Zika virus infection, transmitted by a mosquito-borne flavivirus, has always been considered a minor and relatively benign disease restricted to areas of Africa and Asia. This notion of rarity, benignity, and geographical limitation was challenged in 2013 when the virus began to spread rapidly to other regions of the world and started to be associated with neurologic diseases, mainly Guillain-Barré syndrome and congenital malformations of the central nervous system. Issues related to neurologic complications of the Zika virus will be reviewed here. The authors will address epidemiology, clinical features, pathology, diagnosis, treatment, and prevention, highlighting advances in etiopathogenesis.

Key points

• Zika virus is an arthropod-borne (arbovirus) flavivirus transmitted by mosquitoes of Aedes species; the same mosquitoes transmit other viral illnesses, such as yellow fever, Mayaro, dengue, and Chikungunya.

• Zika virus clinical disease, which occurs in approximately 20% to 25% of individuals, is a mild febrile illness associated with a pruritic rash, arthralgia of small joints, and conjunctivitis.

• Although the full extent of the neurologic complications of Zika is not yet known, the two most common complications are congenital malformations (“congenital Zika syndrome”) and Guillain-Barré syndrome.

• Other less common complications are transverse myelitis, encephalopathy, meningoencephalitis, pure sensory neuropathy, and ischemic strokes.
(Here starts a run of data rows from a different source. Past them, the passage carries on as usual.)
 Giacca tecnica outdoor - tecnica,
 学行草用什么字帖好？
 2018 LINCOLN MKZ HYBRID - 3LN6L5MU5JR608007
Historical note and terminology

Zika virus was first discovered in 1947 in the Zika forest of Uganda from a sentinel Rhesus monkey with an acute febrile illness (24). The first human cases were subsequently detected in Nigeria (43). Before the major outbreak in 2007 in the Yap Islands in Micronesia (27), where almost three quarters of inhabitants were infected, only sporadic and mild cases were reported from Africa and Southeast Asia (05). Subsequent epidemics occurred in Southeast Asia and Pacific Ocean islands (36). The apparently benign nature of Zika virus infection was disputed after an outbreak in French Polynesia in 2013, where many Guillain-Barré syndrome and other autoimmune complications were described (36). The virus finally arrived in Brazil in mid-2015, rapidly spreading throughout the country and to more than 30 other countries (61). Local transmission in the United States was first reported in Florida and then in Texas. Still, most cases in the United States have been imported from abroad (https://www.cdc.gov/zika/geo/index.html). The first congenital Zika syndrome cases were described in Northeastern Brazil (70). That was the first time a congenital malformation was attributed to an infection transmitted by mosquitoes.